2023/04/01

"Attention" and "Transformers" in Large Language Models

Everyone is talking about OpenAI's ChatGPT these days. Here's a very quick attempt to summarize the core idea behind large language models (LLMs) like GPT.

"Attention is all you need" (aka the transformer paper) published in 2017 by Vaswani et al from Google is still the mother of current LLMs, including GPT.  "Effective Approaches to Attention-based Neural Machine Translation", an earlier paper by Luong et al from Stanford, was also quite important.

These are sequence-to-sequence models, i.e. their job is mapping an input sequence of text into an output sequence of text. Applications include translation from one language to another, answering questions,  having a conversation, etc.

They use language embeddings (made famous by Word2vec in 2013 and later by BERT, both also from Google) as the basic encoding/decoding building blocks, i.e. mapping text to vectors of real numbers in an "embedding space".

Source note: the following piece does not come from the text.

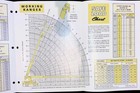 Pettibone Model 20 Series Multikrane Sales Brochure
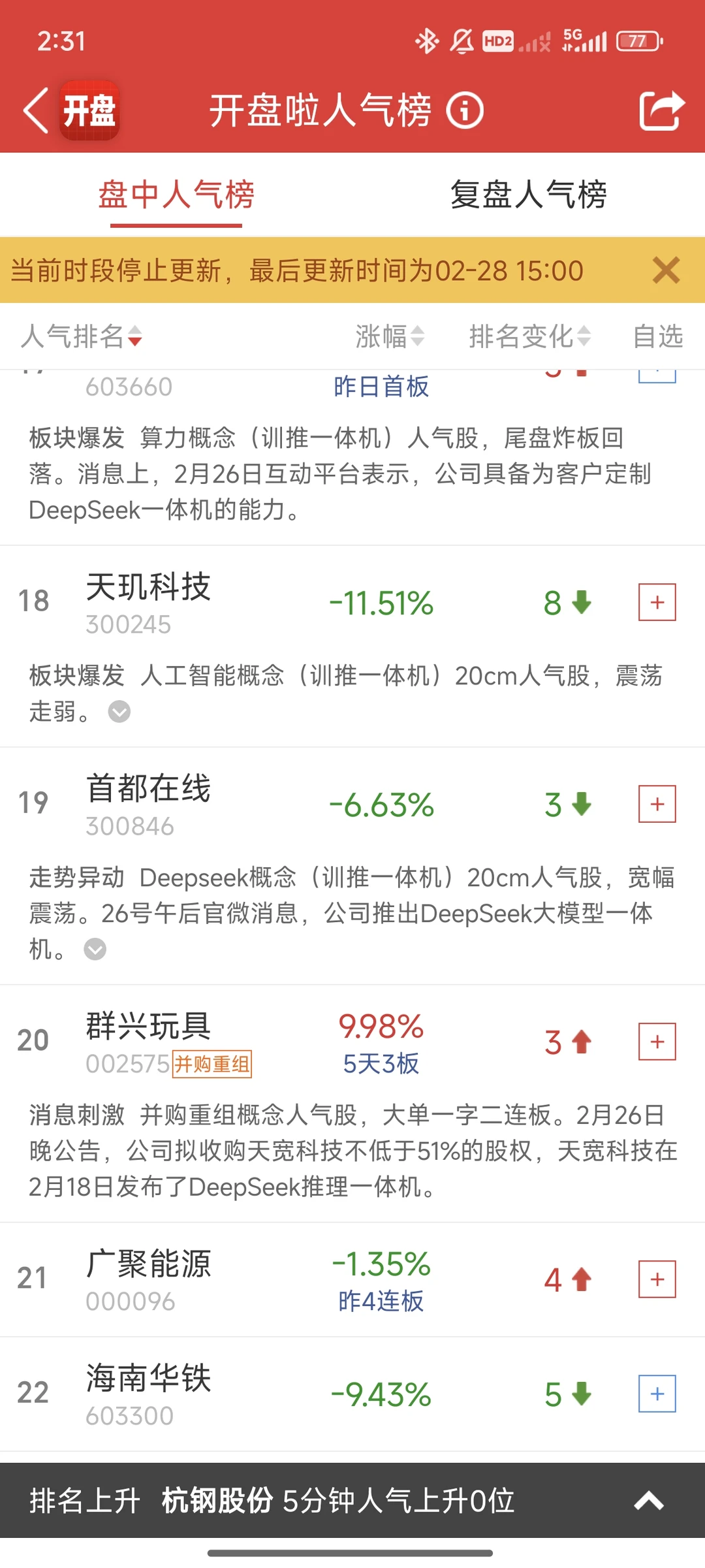 分享三种个人用的判断市场情绪的方法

The main new idea is in the architecture of the neural network between the input encoding and output decoding stages. The model uses the preceding terms in the current output sequence to decide which parts of the input sequence to pay more "attention" to for the next output term. A bit more precisely: the previous output is a "query" which gets used to generate a linear combination of "keys" from the input which maps to a linear combination of "values" also from the input. That in turn gets transformed into the next output term with a few more layers in a plain feed forward network (i.e. a bunch of layers of neurons, where each neuron is putting a linear combination of inputs into non-linear activation function). Each step has trainable weights.

There are also clever tricks besides "attention". One is positional encoding to represent the order so the same input term in a different position has different effects even though, unlike in recurrent neural networks,  in transformers the network just sees them as bag of words that could be in any order. Another is layer normalization to sort of keep the nonlinear outputs within a reasonable area in the embedding vector space.

This architecture, as far as I know, was not derived explicitly from the way human brains work. The "attention" analogy is really useful, but there are no principles saying this architecture is more fundamental to intelligence, or more natural, than many others. It just happens to produce remarkably good results when the weights are trained properly.

So that's the basic idea of contemporary LLMs. Of course in some sense, all computer neural networks are  just a bunch of matrix multiplications and ad-hoc activation functions. But you can't just connect a large number of mathematical "neurons" randomly in a network and hope it learns something.  The choice of architecture, i.e. how the "neurons" are connected, is key. On top of that, there is still an enormous amount of innovation/engineering to make the real world language models, not to mention turn them into a product like ChatGPT or Google Bard.